Following the student organizer’s speeches were Florida house representatives Eskamani and Carlos Guillermo Smith (49-D) from Orlando—both outraged by the new appointees and their agendas.
“I am here today to stand shoulder-to-shoulder with each one of you in the name of academic freedom and against political interference in our classrooms,” Eskamani proclaimed. “Because, as you heard from speakers before me, what happens at New College can happen anywhere.”
The rally ended on an energetic note after hearing Walter Gilbert—former President of the Sarasota chapter of the National Association for the Advancement of Colored People (NAACP) and current Vice President of Diversity and Inclusion at Selby Gardens—share his experiences with New College, dating back to the 1960s.
“Our relationship in this community, with this campus, has been strong since day one,” Gilbert declared. “New College was established to be different.

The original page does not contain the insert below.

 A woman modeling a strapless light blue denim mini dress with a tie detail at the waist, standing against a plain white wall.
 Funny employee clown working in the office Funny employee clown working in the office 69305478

It has always been different. That’s why this school is open.” Many students may recognize Gilbert from the Newtown trolley tours—sharing stories of Newtown’s history as well as its relationship with New College and the everlasting impression it made in the Newtown and Overtown communities.
The solidarity between multiple groups across many communities was felt by everyone present as the crowd moved towards the Sudakoff Conference Center to line up for a security check—of which included bag and metal detector wands—to be granted entry.

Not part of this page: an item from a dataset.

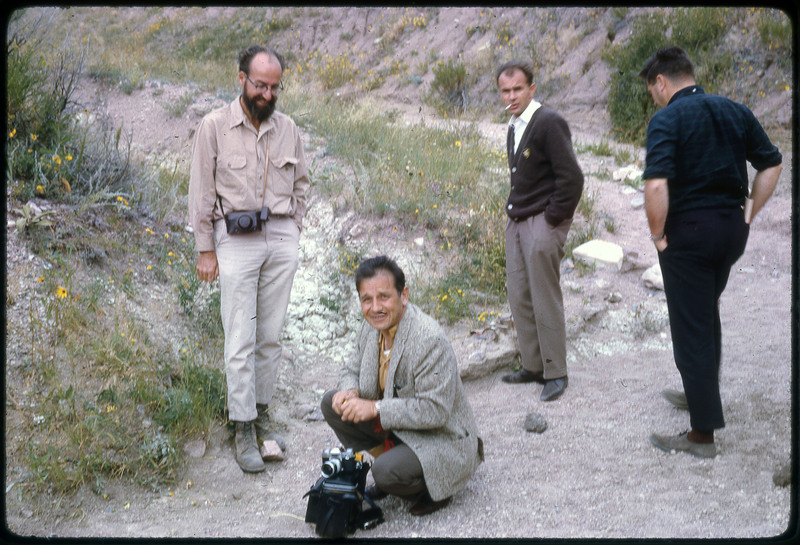 A photographic slide of four men standing next to some hills with cameras.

Many of those who looked forward to entering the meeting were denied entry on the basis of there being no space remaining in the audience. Most of the audience consisted of media and outside community members, allowing for only a few students and alums to enter and view the meeting in real time.
“There were a lot of accessibility issues too,” Bates recollected. “When we were watching the livestream they had disabled closed captions and had no interpreter with them, while at our rally we had an ASL interpreter for our speeches. They don’t really care about creating access to their programming. It was disheartening to hear from other students that they weren’t able to get into the BOT meeting.”

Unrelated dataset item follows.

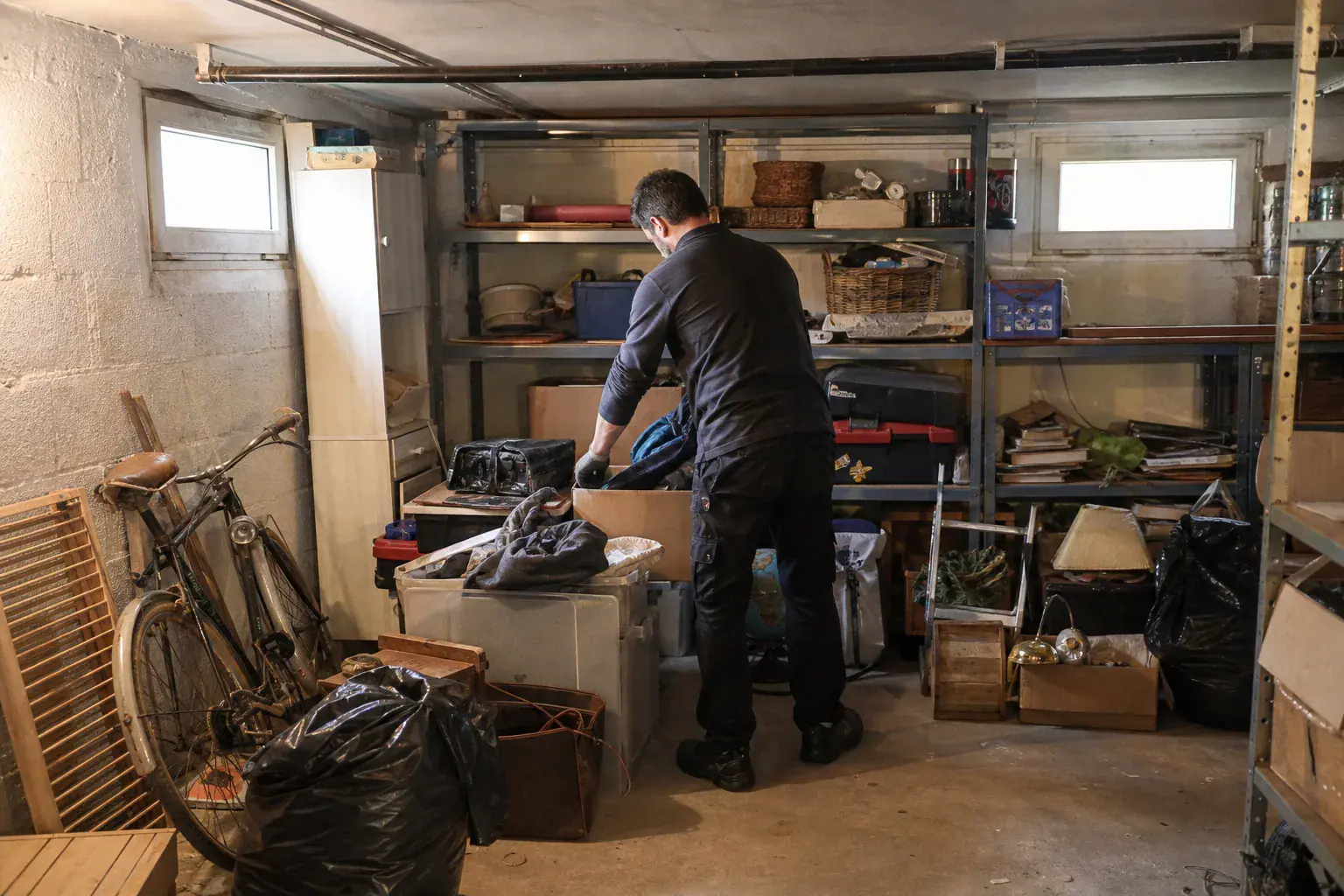Tri d'objets en piles à donner, recycler et jeter dans le sous-sol d'un pavillon en Essonne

Working on a whim, many volunteered laptops and speakers in various student spaces on campus to hold watch parties. Students exclaimed in shock, frustration and agreement at their screens for the duration of the four hour-long meeting.
The outcomes of the meeting became hot topics of discussion on campus as the news of Dr. Patricia Okker’s termination—among other decisions—began circulating.
“Based on their rhetoric, the trustees very obviously hold a disdain for the student body that they are here to represent,” second-year and student organizer Sam Sharf stated in response to the meeting. “They want to remove the queer culture of the school, programs for Black and Indigenous people of color (BIPOC) students and important discussions from classrooms.”
While tensions are high and students are expressing their concerns over changes made, Markham urges students to reserve time for healing and community.
“[The meeting] certainly revealed the new trustee’s true colors,” Markham said. “I had a conversation with some people about how we need to keep hope and that if we spend so much time and energy on the negative feelings we have towards these people, it takes away the space we have to care for each other.”
“We can still be mad,” Markham continued. “But we have to ensure we make room for love. As a community, we really need that right now; to be there for each other in the midst of this chaos.”